This week, the International Convention Centre Wales in Newport will once again see thousands of our graduates cross the stage in their cap and gown. To celebrate, we are sharing the stories of some of our inspirational students.
Having been homeless on a couple of occasions in her teens and early 20s, Leanne Fox was determined that the challenges she had already faced would not define her future.
And her determination has really paid off. Now the proud holder of a first-class honours degree in Childhood Development from the University of South Wales (USW), the 28-year-old. originally from Bridgend, will be continuing her studies at USW by undertaking a Masters by Research (MRes).

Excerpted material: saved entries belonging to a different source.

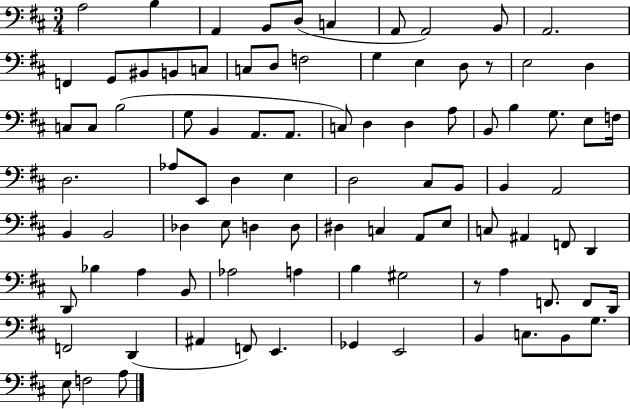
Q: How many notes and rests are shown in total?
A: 91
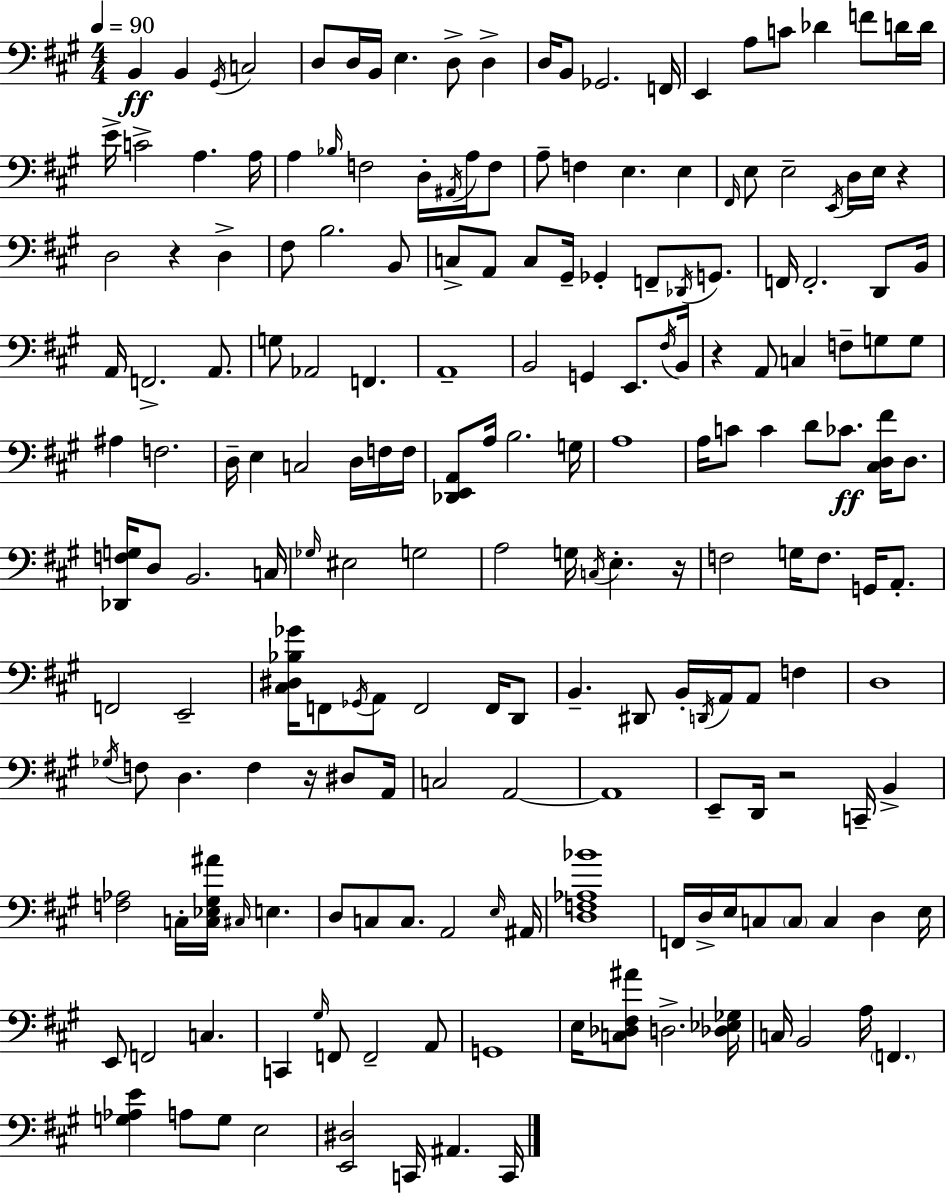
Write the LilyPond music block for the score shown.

{
  \clef bass
  \numericTimeSignature
  \time 4/4
  \key a \major
  \tempo 4 = 90
  b,4\ff b,4 \acciaccatura { gis,16 } c2 | d8 d16 b,16 e4. d8-> d4-> | d16 b,8 ges,2. | f,16 e,4 a8 c'8 des'4 f'8 d'16 | \break d'16 e'16-> c'2-> a4. | a16 a4 \grace { bes16 } f2 d16-. \acciaccatura { ais,16 } | a16 f8 a8-- f4 e4. e4 | \grace { fis,16 } e8 e2-- \acciaccatura { e,16 } d16 | \break e16 r4 d2 r4 | d4-> fis8 b2. | b,8 c8-> a,8 c8 gis,16-- ges,4-. | f,8-- \acciaccatura { des,16 } g,8. f,16 f,2.-. | \break d,8 b,16 a,16 f,2.-> | a,8. g8 aes,2 | f,4. a,1-- | b,2 g,4 | \break e,8. \acciaccatura { fis16 } b,16 r4 a,8 c4 | f8-- g8 g8 ais4 f2. | d16-- e4 c2 | d16 f16 f16 <des, e, a,>8 a16 b2. | \break g16 a1 | a16 c'8 c'4 d'8 | ces'8.\ff <cis d fis'>16 d8. <des, f g>16 d8 b,2. | c16 \grace { ges16 } eis2 | \break g2 a2 | g16 \acciaccatura { c16 } e4.-. r16 f2 | g16 f8. g,16 a,8.-. f,2 | e,2-- <cis dis bes ges'>16 f,8 \acciaccatura { ges,16 } a,8 f,2 | \break f,16 d,8 b,4.-- | dis,8 b,16-. \acciaccatura { d,16 } a,16 a,8 f4 d1 | \acciaccatura { ges16 } f8 d4. | f4 r16 dis8 a,16 c2 | \break a,2~~ a,1 | e,8-- d,16 r2 | c,16-- b,4-> <f aes>2 | c16-. <c ees gis ais'>16 \grace { cis16 } e4. d8 c8 | \break c8. a,2 \grace { e16 } ais,16 <d f aes bes'>1 | f,16 d16-> | e16 c8 \parenthesize c8 c4 d4 e16 e,8 | f,2 c4. c,4 | \break \grace { gis16 } f,8 f,2-- a,8 g,1 | e16 | <c des fis ais'>8 d2.-> <des ees ges>16 c16 | b,2 a16 \parenthesize f,4. <g aes e'>4 | \break a8 g8 e2 <e, dis>2 | c,16 ais,4. c,16 \bar "|."
}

Leanne’s route to her degree was as challenging as can be imagined.
“I had gone to Porthcawl Comprehensive from Year 8 and then started a course at Bridgend College, but then there were problems at home which led to the breakdown of my relationship with my mum, so had to drop out of my course at college when I was 17,” Leanne said.

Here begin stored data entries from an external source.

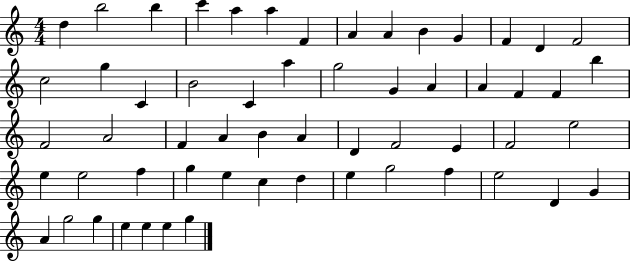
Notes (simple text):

D5/q B5/h B5/q C6/q A5/q A5/q F4/q A4/q A4/q B4/q G4/q F4/q D4/q F4/h C5/h G5/q C4/q B4/h C4/q A5/q G5/h G4/q A4/q A4/q F4/q F4/q B5/q F4/h A4/h F4/q A4/q B4/q A4/q D4/q F4/h E4/q F4/h E5/h E5/q E5/h F5/q G5/q E5/q C5/q D5/q E5/q G5/h F5/q E5/h D4/q G4/q A4/q G5/h G5/q E5/q E5/q E5/q G5/q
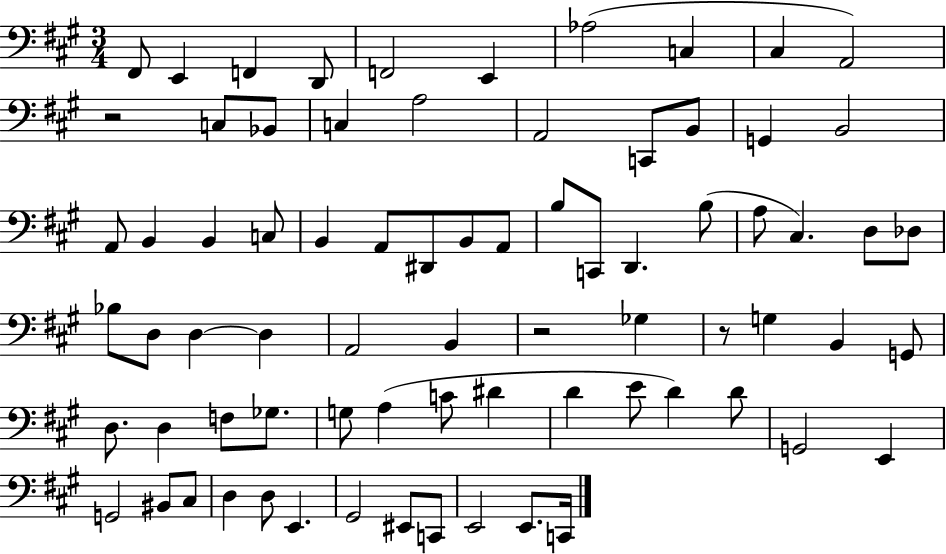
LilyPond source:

{
  \clef bass
  \numericTimeSignature
  \time 3/4
  \key a \major
  fis,8 e,4 f,4 d,8 | f,2 e,4 | aes2( c4 | cis4 a,2) | \break r2 c8 bes,8 | c4 a2 | a,2 c,8 b,8 | g,4 b,2 | \break a,8 b,4 b,4 c8 | b,4 a,8 dis,8 b,8 a,8 | b8 c,8 d,4. b8( | a8 cis4.) d8 des8 | \break bes8 d8 d4~~ d4 | a,2 b,4 | r2 ges4 | r8 g4 b,4 g,8 | \break d8. d4 f8 ges8. | g8 a4( c'8 dis'4 | d'4 e'8 d'4) d'8 | g,2 e,4 | \break g,2 bis,8 cis8 | d4 d8 e,4. | gis,2 eis,8 c,8 | e,2 e,8. c,16 | \break \bar "|."
}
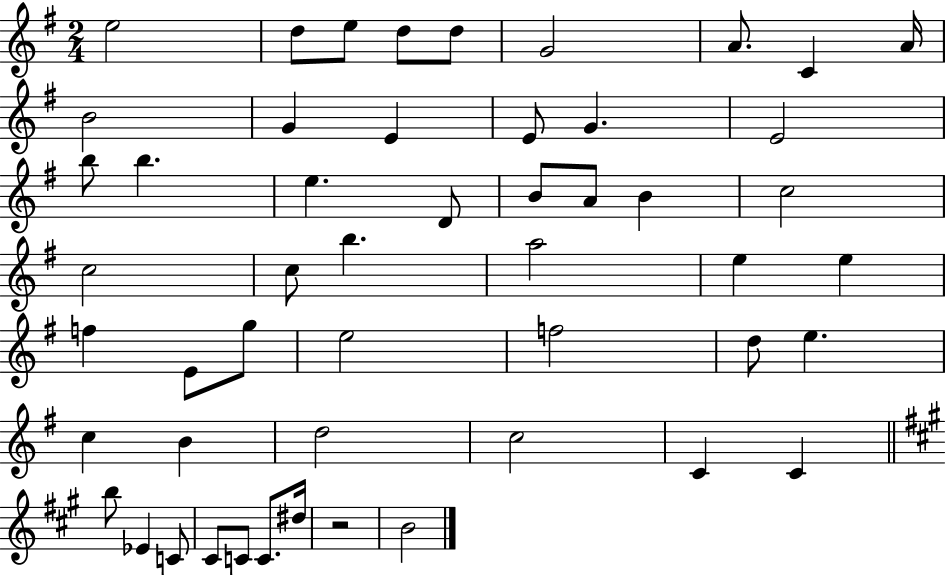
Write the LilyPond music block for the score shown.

{
  \clef treble
  \numericTimeSignature
  \time 2/4
  \key g \major
  e''2 | d''8 e''8 d''8 d''8 | g'2 | a'8. c'4 a'16 | \break b'2 | g'4 e'4 | e'8 g'4. | e'2 | \break b''8 b''4. | e''4. d'8 | b'8 a'8 b'4 | c''2 | \break c''2 | c''8 b''4. | a''2 | e''4 e''4 | \break f''4 e'8 g''8 | e''2 | f''2 | d''8 e''4. | \break c''4 b'4 | d''2 | c''2 | c'4 c'4 | \break \bar "||" \break \key a \major b''8 ees'4 c'8 | cis'8 c'8 c'8. dis''16 | r2 | b'2 | \break \bar "|."
}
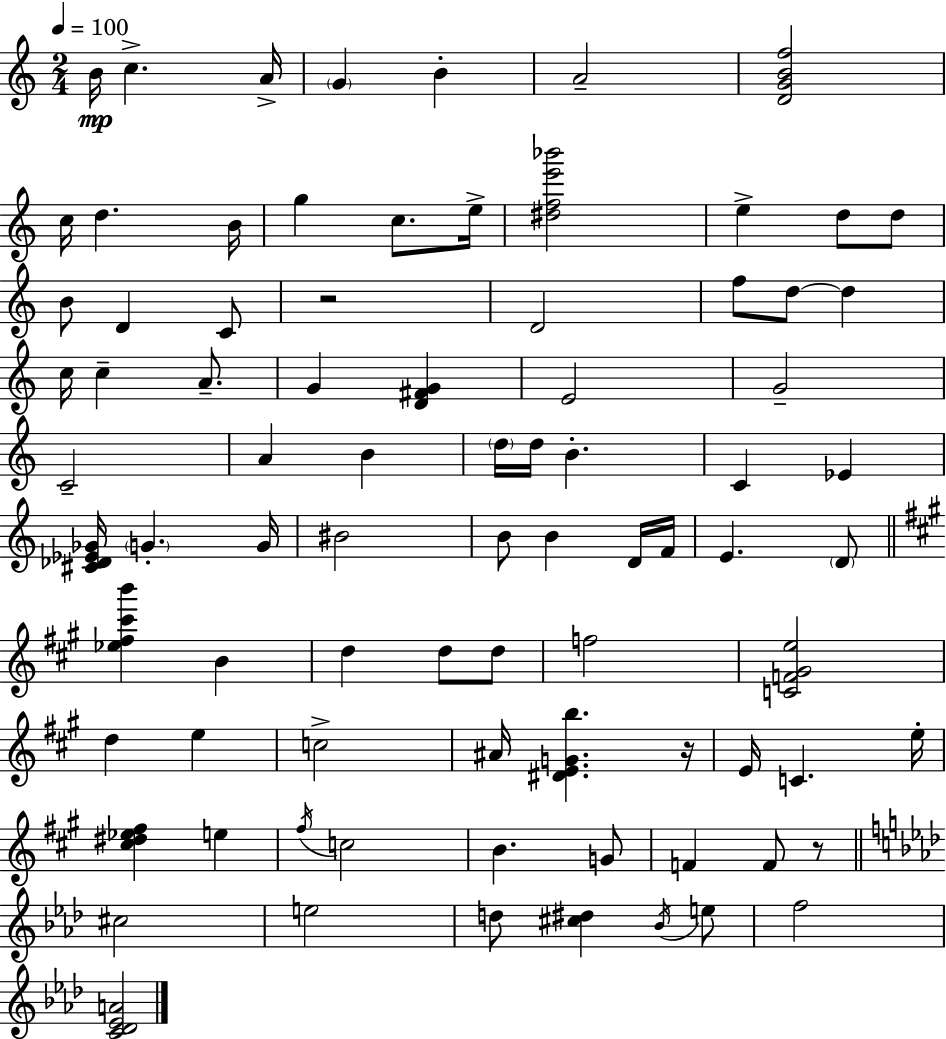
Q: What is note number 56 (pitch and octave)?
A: C4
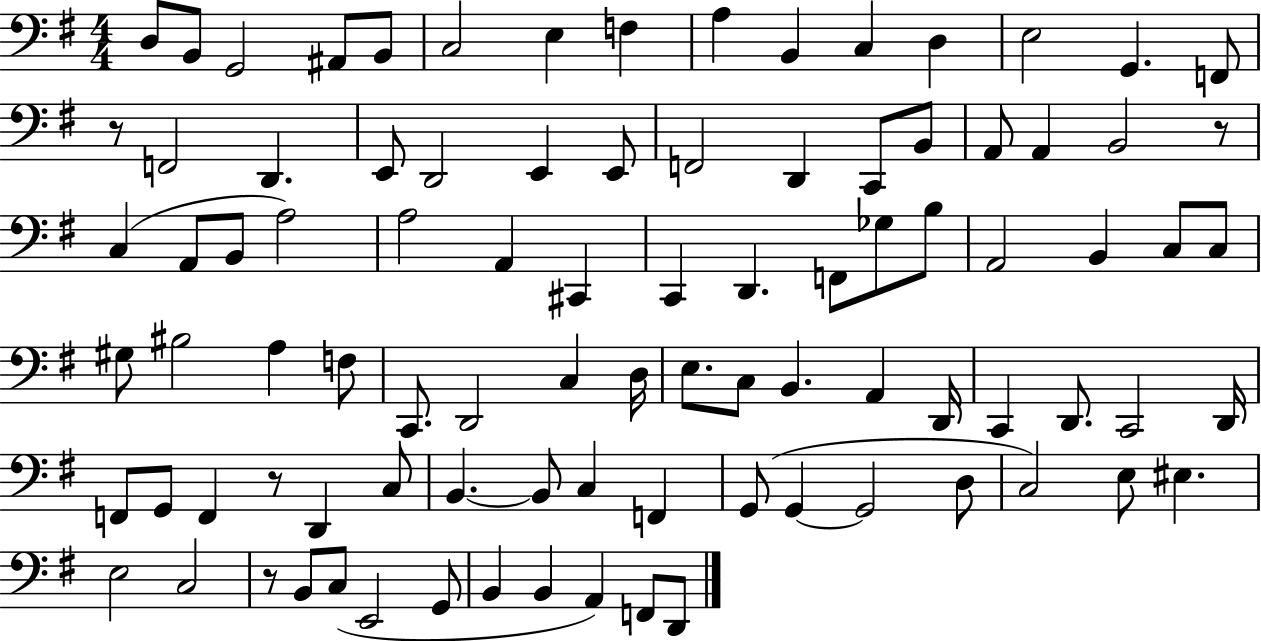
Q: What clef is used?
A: bass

“At first I was sofa surfing for a couple of months, but then got some help – emergency accommodation from Bridgend Council, and then was supported by charity Llamau.”

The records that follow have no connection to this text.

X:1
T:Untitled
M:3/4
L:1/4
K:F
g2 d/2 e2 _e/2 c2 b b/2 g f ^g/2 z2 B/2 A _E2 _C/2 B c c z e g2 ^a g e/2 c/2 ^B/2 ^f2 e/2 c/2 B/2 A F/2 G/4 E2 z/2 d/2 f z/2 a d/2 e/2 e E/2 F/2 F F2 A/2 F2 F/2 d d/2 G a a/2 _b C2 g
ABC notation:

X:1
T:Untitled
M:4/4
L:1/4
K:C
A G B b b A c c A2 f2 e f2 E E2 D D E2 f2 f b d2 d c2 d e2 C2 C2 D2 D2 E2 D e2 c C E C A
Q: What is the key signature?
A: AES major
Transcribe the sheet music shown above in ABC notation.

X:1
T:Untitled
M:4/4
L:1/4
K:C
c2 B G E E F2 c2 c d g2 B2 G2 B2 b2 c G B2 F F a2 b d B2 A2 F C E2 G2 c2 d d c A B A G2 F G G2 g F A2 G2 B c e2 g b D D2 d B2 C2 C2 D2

After things settled down for a while, Leanne reconnected with her family, but within a few years things again took a turn for the worse.
“When I was about 23 there were problems at home, so the mental health team in Lincoln removed me for my own good and found me accommodation so I was able to get back on my own two feet,” Leanne said.
Despite being out of the challenging atmosphere, Leanne found she was stuck – being unable to afford to return to education, and finding it difficult to secure a well-paid role.
“Unfortunately, the system made it difficult to move forward. If I had gone back to education I would have had to forgo the benefits, but I needed those to live and pay rent because I was on my own,” Leanne said.
“But, I was very lucky to have met my now wife Scarlet, who had already completed her Masters. We moved in together, which meant I was able to look at education options.”
Thanks to changes in students finance meaning Leanne could apply for financial support, she completed an Open University module, and then saw the USW course she wanted to study.
“Even though I didn’t have lots of qualifications, USW looked at my application and could see that I was really keen to do the course, and had a lot of life experience which related to the study, and so I started the degree course in 2019,” Leanne said.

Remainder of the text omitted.